Houston’s High-Tech Automotive Future

Houston is poised to become one of the front runners in the advancement toward a high-tech future for America’s cars. That Texas is moving toward more modern solutions to its energy and traffic problems should surprise no one — Texas has become a leader in wind power and renewable energy, and Houston’s history with forward-thinking technology like electric vehicles dates back to 2002. From electric vehicles to autonomous driving to high-tech navigation, Houston’s automotive landscape is changing fast.

Electric Vehicles

Houston is no stranger to the concept of electric cars. The city government received its first two EVs in 2002, and has since converted their passenger fleet to over 50% hybrid vehicles — making the city’s hybrid fleet the third largest in the nation, with plans to continue to expand the city fleet and infrastructure for EVs across the city.

The benefits of hybrid and electric vehicles are numerous. Transportation accounts for 47% of greenhouse gas emissions in Houston, which contributes to its air quality being among some of the worst in the country. If the city were to one day move to 100% electric power, emissions would be reduced by as much as 90%, which would in turn increase quality of life, reduce pollution-related deaths, and help offset the effects of climate change.

That reduction in pollution also includes noise pollution — EVs are much quieter than gasoline engines, and a reduction in noise pollution could mean far less stress for Houston residents. The government and private companies are trying to encourage adoption of electric vehicles by offering incentives, tax credits, and discounts on EVs.

Autonomous Vehicles

Autonomous vehicles are likely to become a major part of American life in the near future — and Houstin is likely to become one of its major adopters. While not everyone relishes the idea of a fully autonomous driving future, there are several measurable benefits to self-driving cars:

  • Reduced accidents. 94% of fatal vehicle crashes are due to human error. According to projections, self-driving cars could reduce traffic deaths by up to 90%, which would save tens of thousands of lives each year, as well as saving money on medical bills and car insurance rates.
  • Decreased traffic congestion.
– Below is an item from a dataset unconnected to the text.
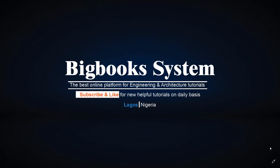Welcome to Big Book System, the best online platform for engineering and architectural tutorials. For this class I'm going to be discussing how you can export AutoCAD drawing into Revit Architecture applications, or any other Revit such as Revit Structures or Revit MEP. Please always like and subscribe to our YouTube channel because this helps us a lot in creating daily tutorials.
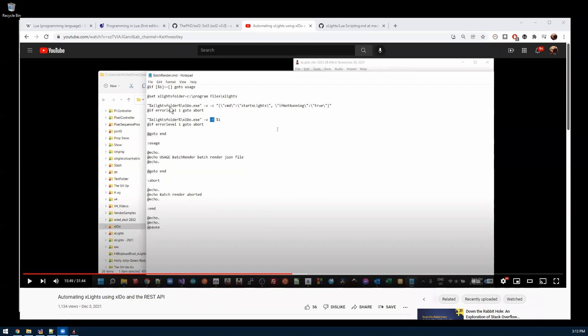Hi, this is Scott here. I wanted to talk about a new feature that I added in Xlites 2022.2.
The amount of time commuters spend in traffic costs the nation billions in terms of lost hours and productivity. One of the major benefits of autonomous vehicles is their driving algorithms can do away with stop-and-go waves generally caused by human behavior. These are known as “phantom traffic jams,” and automated driving could eliminate them almost completely. Less traffic congestion will lead to lower emissions and even further reduce pollution.
  • Lower fuel consumption. Autonomous vehicles can increase roadway capacity by driving closer to other vehicles than human-driven cars can do safely. This leads to higher speeds and reduced travel time, which means less fuel used. The reduction in accidents brought about by autonomous vehicles could also lead to cars and trucks being built of lighter materials, which would further increase fuel economy.

Houston is already catching the first wave of the AV revolution with companies such as Nuro, which offers delivery via autonomous vehicles throughout Houston.

A pilot program is currently underway at Texas Southern University for an autonomous vehicle running a “University Circulator” route. The program uses a vehicle called the EZ-10, which seats six people, with standing room for six more. Although driverless, the shuttle has an operator on board at all times to monitor its operation. If the program is successful, the number of routes and vehicles could be expanded citywide.

While there is still a way to go in terms of replacing self-driven cars with AV, things are beginning to shift. Nevada, Florida, and California all have laws on the books allowing for the testing of autonomous vehicles on their roads, and Houston could certainly follow suit.

Next-Generation Vehicle Navigation

Houston is one of a handful of cities embracing “smart city” technology to address some of the city’s traffic issues. Technologies like the ITMS (Intelligent Traffic Management System) use real-time traffic data networked across multiple sources such as traffic cameras and speed sensors to analyze traffic patterns and dynamically reroute and optimize traffic flow, reducing gridlock and alleviating the worst traffic congestion.

Similarly, the Autotalks technology allows emergency vehicles to provide traffic signal preemption that will reduce response times and help them get to their destinations safely. While the concept of emergency vehicles changing traffic signals is not cutting-edge, the signal preemption technology has wider potential applications, such as priority for transit buses and vehicles involved in roadside construction.

The future is unpredictable, and no one could say for certain exactly what the automotive landscape of tomorrow might look like. But with Texas entering the leading edge of a greener, more sustainable high-tech world, Houston could become a true city of the future.